Ignoring the competition

Again, you must research how your competition is using content marketing to attract and maintain their audiences to determine what works, and what you could do better. Researching your competition also helps you understand where your audience is most active and the kinds of content they find most engaging. Your competition likely went through the trial-and-error process to determine their approach. By ignoring them, you will miss important information that you could apply to your content marketing program.

Disregarding the details

We all need an editor … sometimes even editors need one. Hire one internally or outsource this responsibility to someone you trust to do the job properly. Everything needs a second set of eyes – blog posts, Facebook status updates, LinkedIn discussions, and even tweets. Typos and other miscommunications can end up anywhere. Your audience might tolerate the occasional spelling mistake. But added up over time those errors will help shape your audience’s perception of your business, and it’s likely “detail-oriented” won’t be the first opinion that comes to mind.
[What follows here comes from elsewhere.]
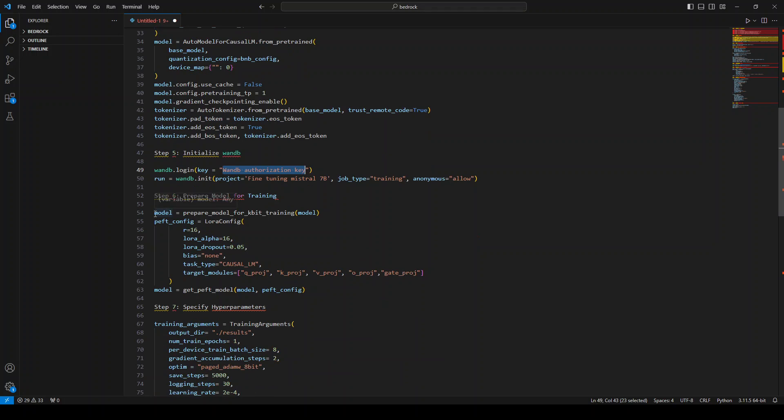Then we prepared this model for some of the parameters which you can use in order to fine-tune it. These are all default values I'm just picking up with LoRa Alpha, LoRa Dropout, and stuff.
Addressing the needs of the company over those of the community

Inbound marketing activities should be community-driven, not company-driven. While it’s important to get your company’s message heard, do so in a way that is valuable to your audience. Shouting press releases and other company developments isn’t a very effective approach for engaging a community. Instead, flip the story around and explain why the announcement or new development matters to them. The majority of your content shouldn’t be directly about your company. Balance those updates with other news that indirectly supports your business, such as news pertaining to your industry and educational pieces. Also, showing can sometimes be better than telling. Use multimedia such as photos and videos to tell company stories that engage your audience.